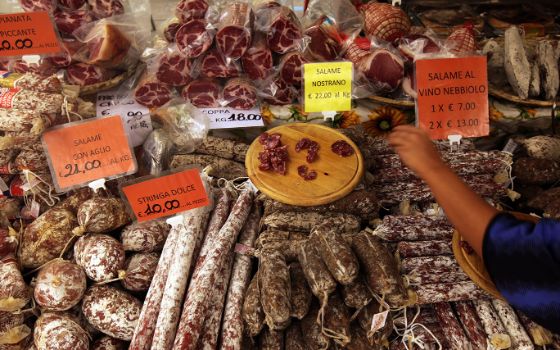 Eine Person greift in die Auslage an einem Marktstand mit Wurstwaren und italienischsprachigen Preisschildern. 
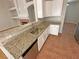 Spacious kitchen with granite countertops, stainless steel dishwasher and ample counter space at 316 Lingering Ln, Henderson, NV 89012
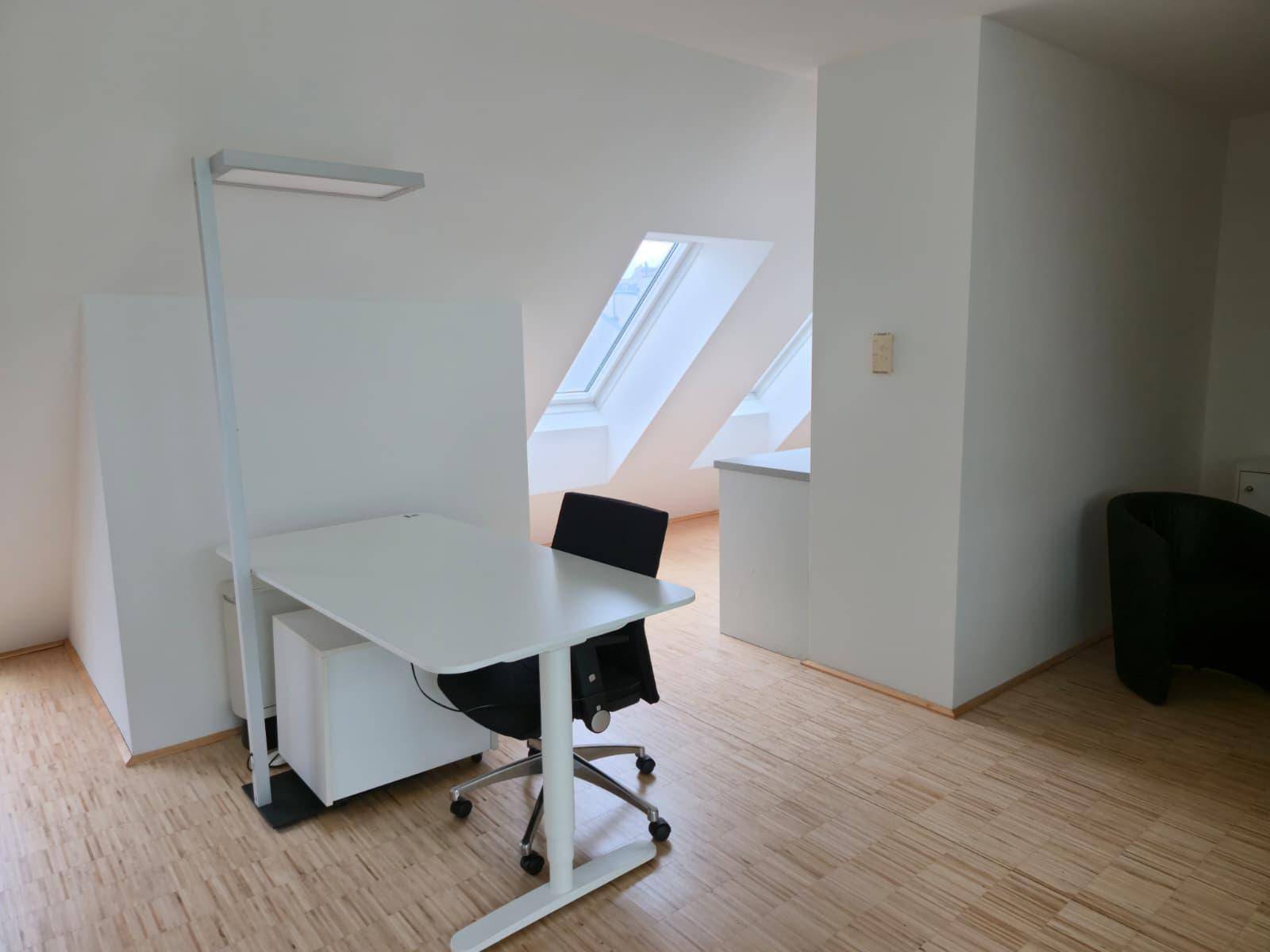 Heller Arbeitsplatz im Dachgeschoss mit Schreibtisch, Bürostuhl und Dachfenstern.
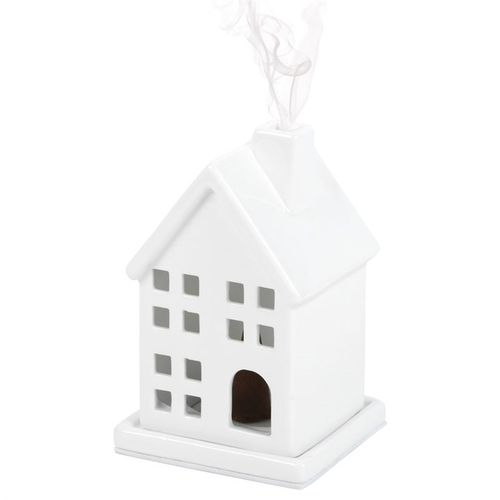 Experience a mystical ambiance with this ceramic incense cone holder crafted in the shape of a quaint house. Its elegant, understated design brings a touch of enchantment to any side table or nightstand, filling your space with captivating aromas that stir the soul.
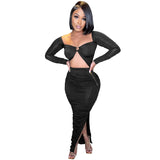 woman wearing a black ruched two-piece set with a cutout top and high slit skirt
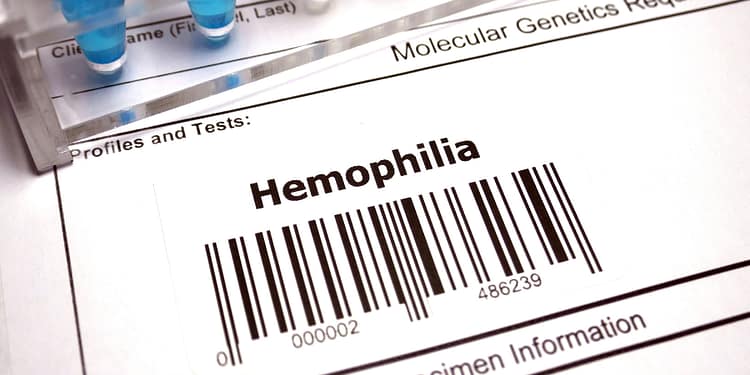 Label on a genetic application form showing the word "Hemophilia" and a barcode, with test tubes in the background.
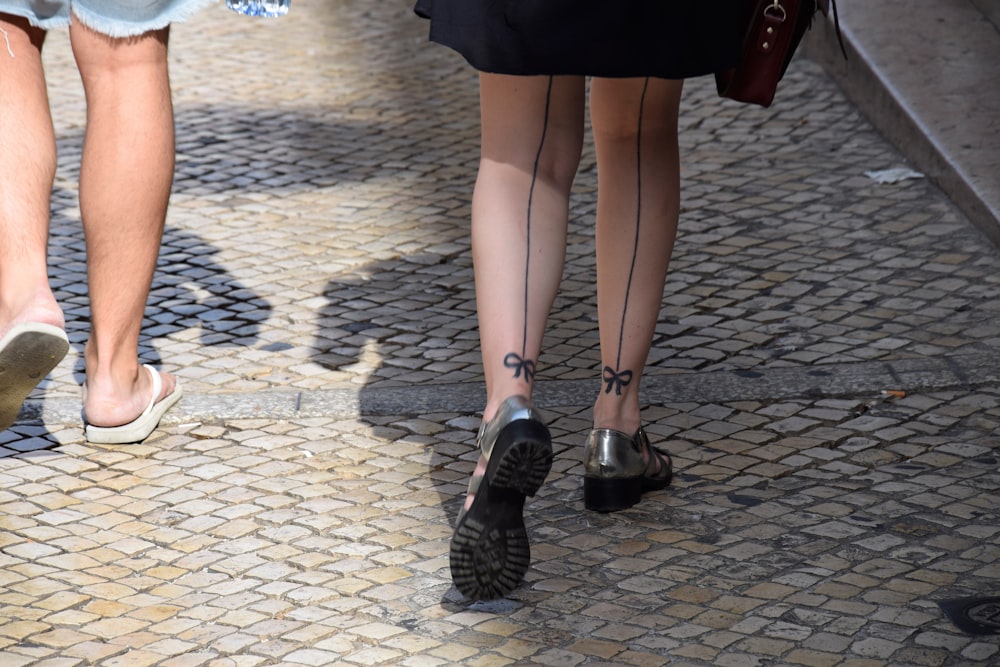 woman in black skirt and black leather shoes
________________
[EXERCISE INSTRUCTIONS]: Without including any picture, set down the listing above exactly as it appears.

[SOLVED EXERCISE]:
 Eine Person greift in die Auslage an einem Marktstand mit Wurstwaren und italienischsprachigen Preisschildern. 
 Spacious kitchen with granite countertops, stainless steel dishwasher and ample counter space at 316 Lingering Ln, Henderson, NV 89012
 Heller Arbeitsplatz im Dachgeschoss mit Schreibtisch, Bürostuhl und Dachfenstern.
 Experience a mystical ambiance with this ceramic incense cone holder crafted in the shape of a quaint house. Its elegant, understated design brings a touch of enchantment to any side table or nightstand, filling your space with captivating aromas that stir the soul.
 woman wearing a black ruched two-piece set with a cutout top and high slit skirt
 Label on a genetic application form showing the word "Hemophilia" and a barcode, with test tubes in the background.
 woman in black skirt and black leather shoes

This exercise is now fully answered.